Un processo talmente sovraordinato e sospinto dall’ alito della tecnica da investire e sovvertire, ad un tempo, in un certo senso omologandole sotto questo profilo, democrazie, democrature ed autocrazie? In quale modo, in quali luoghi e contesti, secondo quale scansione temporale, si forma, pubblico e privato che sia, il “potere” come tale, la capacità, cioè, di domare, orientare, dirigere il corso degli eventi? Ed è ancora in grado di essere quanto più possibile – come dovrebbe nelle democrazie vitali – equanime ed inclusivo, orientato all’ interesse generale della collettività piuttosto che selettivo ed escludente, accondiscendente all’ interesse particolare del più forte di turno?
Se volessimo adottare una metafora neurologica, dovremmo dire che la politica è decorticata e, dunque, afasica
Privata dello spazio in cui lo sciame di afferenze sensoriali che, ad ogni istante, la bersagliano, può plasticamente comporsi nell’articolazione plurale del discorso pubblico, nel quale ogni voce, anche la più flebile, ha diritto di manifestarsi, in un incessante processo di integrazione e di reciproca legittimazione, che via via conduce al concetto ed alla capacità di dare forma a valori, ideali, aspirazioni in cui si esprimono i significati ed il senso della vita. Prevalgono, invece, riflessi pavloviani e spinali che neppure sfiorano l’ encefalo, reazioni ancestrali, patterns arcaici del cervello primordiale, tutt’ al piu’ automatismi vegetativi e viscerali.

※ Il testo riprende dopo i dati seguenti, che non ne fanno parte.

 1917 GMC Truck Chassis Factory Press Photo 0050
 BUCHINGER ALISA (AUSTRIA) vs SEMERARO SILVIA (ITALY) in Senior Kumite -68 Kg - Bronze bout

L’insostenibile peso della complessità, l’accelerazione parossistica delle trasformazioni, soprattutto lo smarrimento della trascendenza, quell’andare oltre che, al di là della mera fattività, attribuisce ad ogni gesto valore simbolico, imprigionano la politica in un perimetro che le offre una strumentazione piu’ affine alla meccanica “necessita” della tecnica e dell’ algoritmo, piuttosto che alla libertà del pensiero e dello spirito. Se tale è la lunghezza d’onda dei processi in corso, non tarderà giorno in cui – a dispetto della politica e della necessaria elasticità dei suoi percorsi – apparirà chiaro, in tutta evidenza, come, al di là dell’ effervescenza alla Trump, siano gli oligarchi che detengono, in uno, i poteri della tecnica, della comunicazione via “social” e dell’ economia, a tenere saldamente in mano il bandolo della matassa. Secondo un’ involuzione, per la quale alla flessibilità creativa dell’ umano, potrebbe subentrare una rigidità strutturale ed inespressiva. destinata a produrre effetti entropici.